*** Data excerpts Section Begins ***
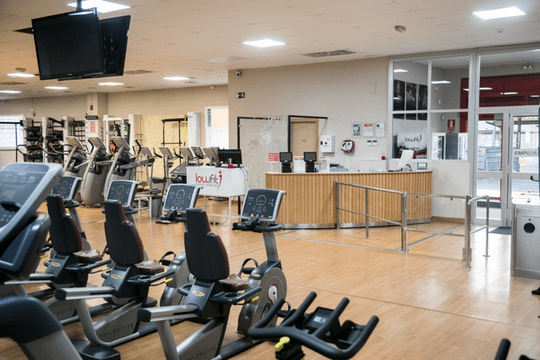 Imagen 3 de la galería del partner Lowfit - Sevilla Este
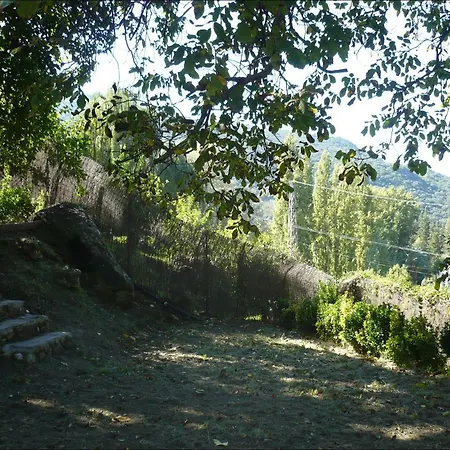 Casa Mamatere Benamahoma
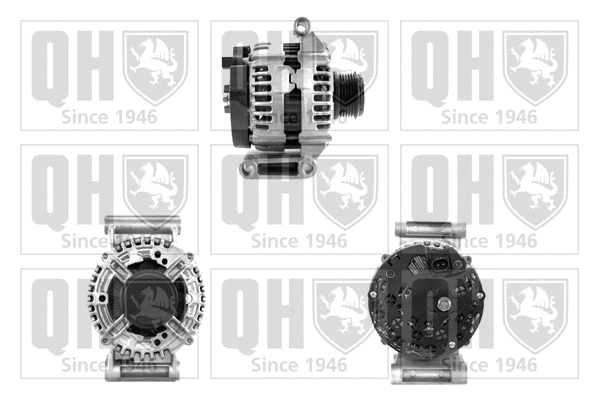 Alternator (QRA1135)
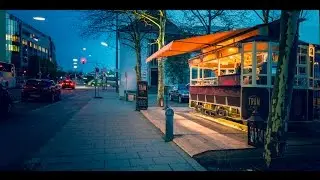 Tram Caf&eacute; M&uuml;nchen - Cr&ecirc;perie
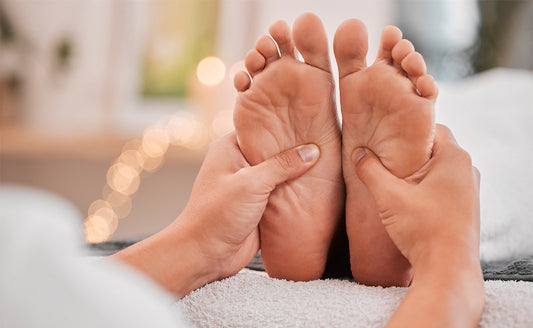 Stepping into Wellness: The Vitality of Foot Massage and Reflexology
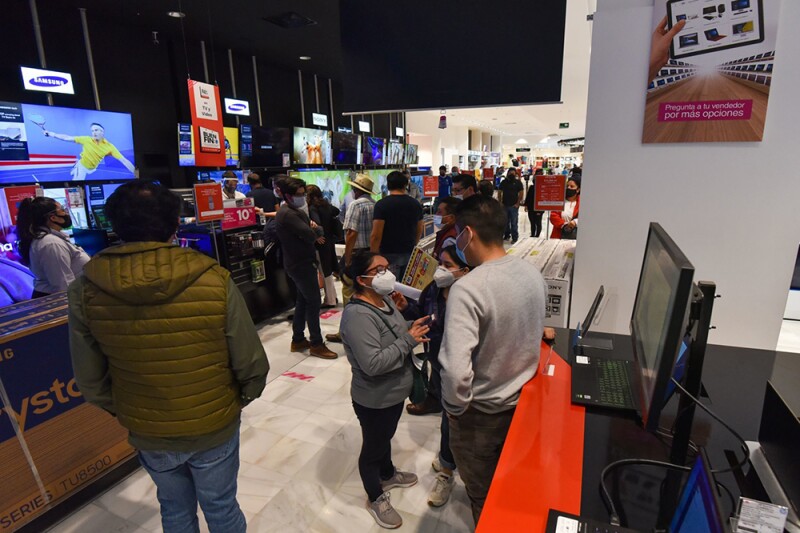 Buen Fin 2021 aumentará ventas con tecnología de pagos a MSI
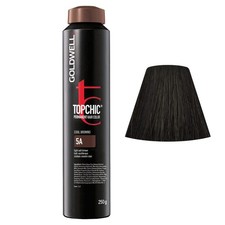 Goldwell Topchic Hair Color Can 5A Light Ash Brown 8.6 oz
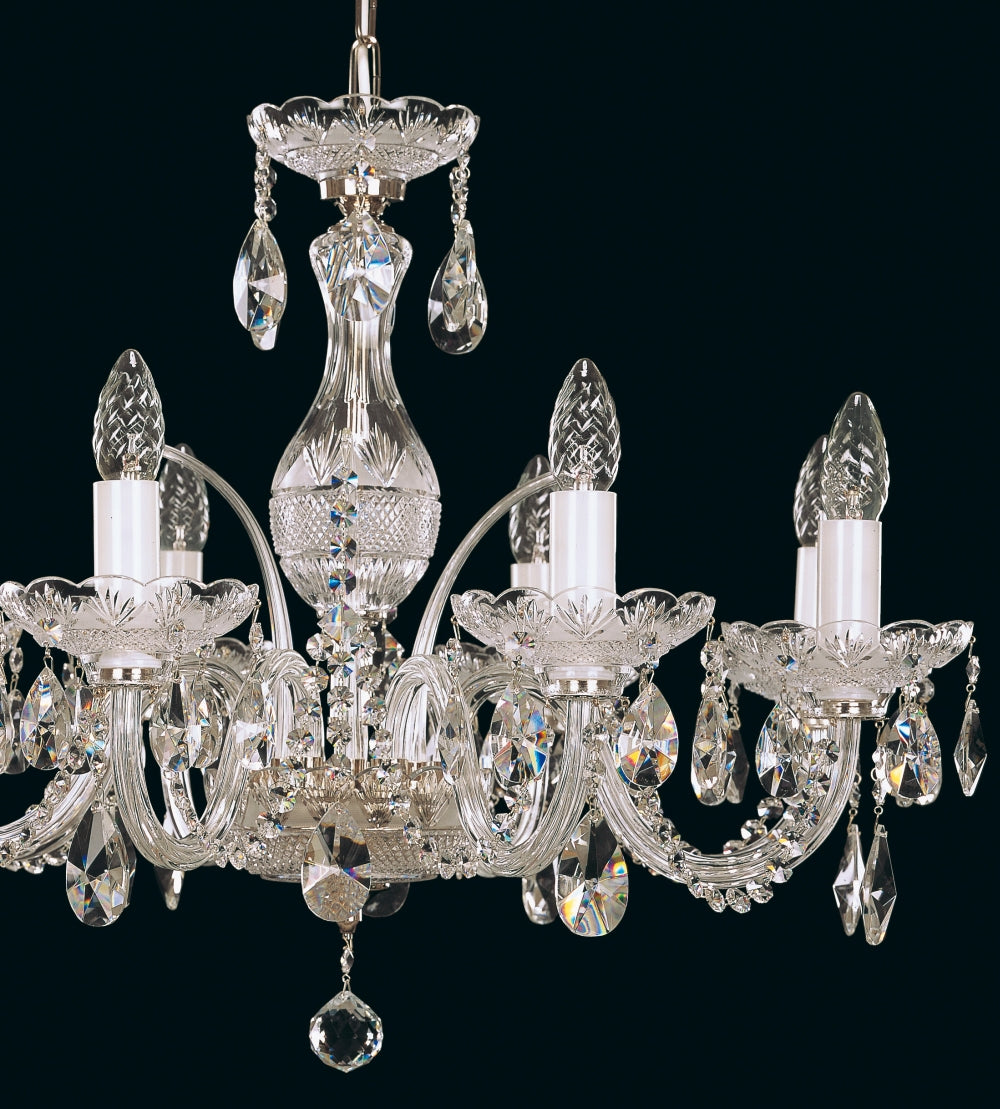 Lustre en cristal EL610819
*** Data excerpts Section Ends ***
*** Data excerpts Section Begins ***
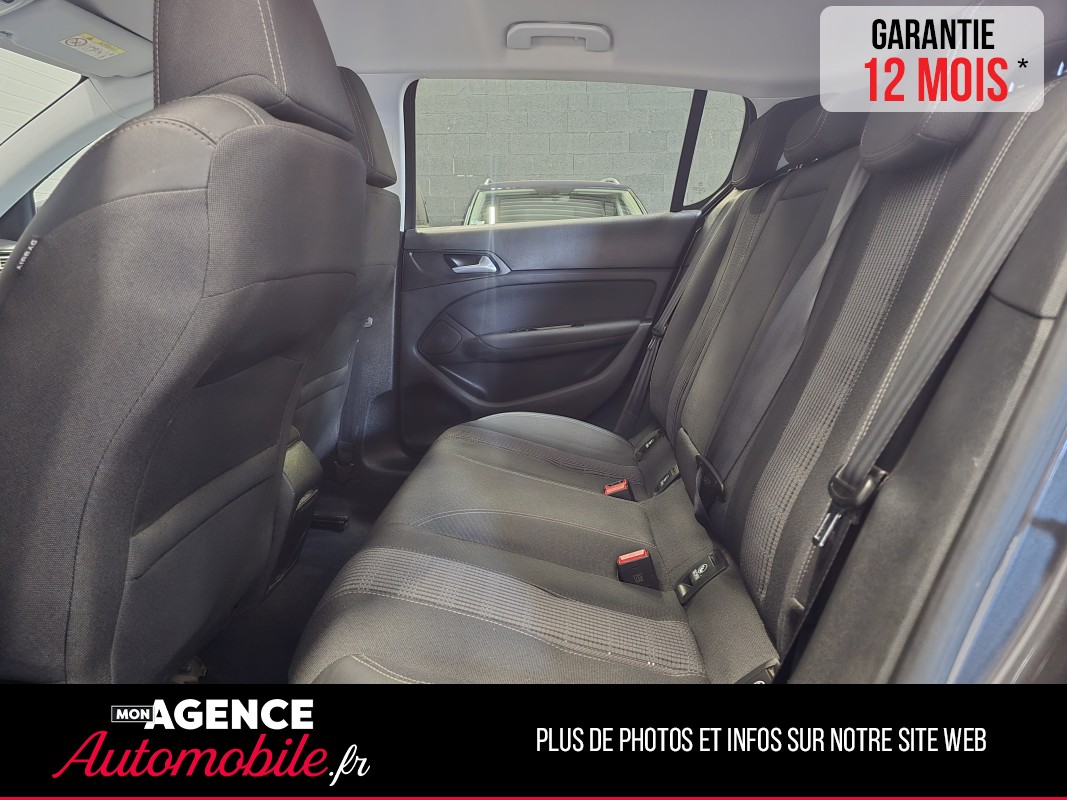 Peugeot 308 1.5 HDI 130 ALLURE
*** Data excerpts Section Ends ***
Work order ->
Please output the lines above beginning at the line with "Goldwell Topchic Hair" and ending after the line with "Lustre en cristal EL610819", precisely as written and with no pictures.

Final answer ->
 Goldwell Topchic Hair Color Can 5A Light Ash Brown 8.6 oz
 Lustre en cristal EL610819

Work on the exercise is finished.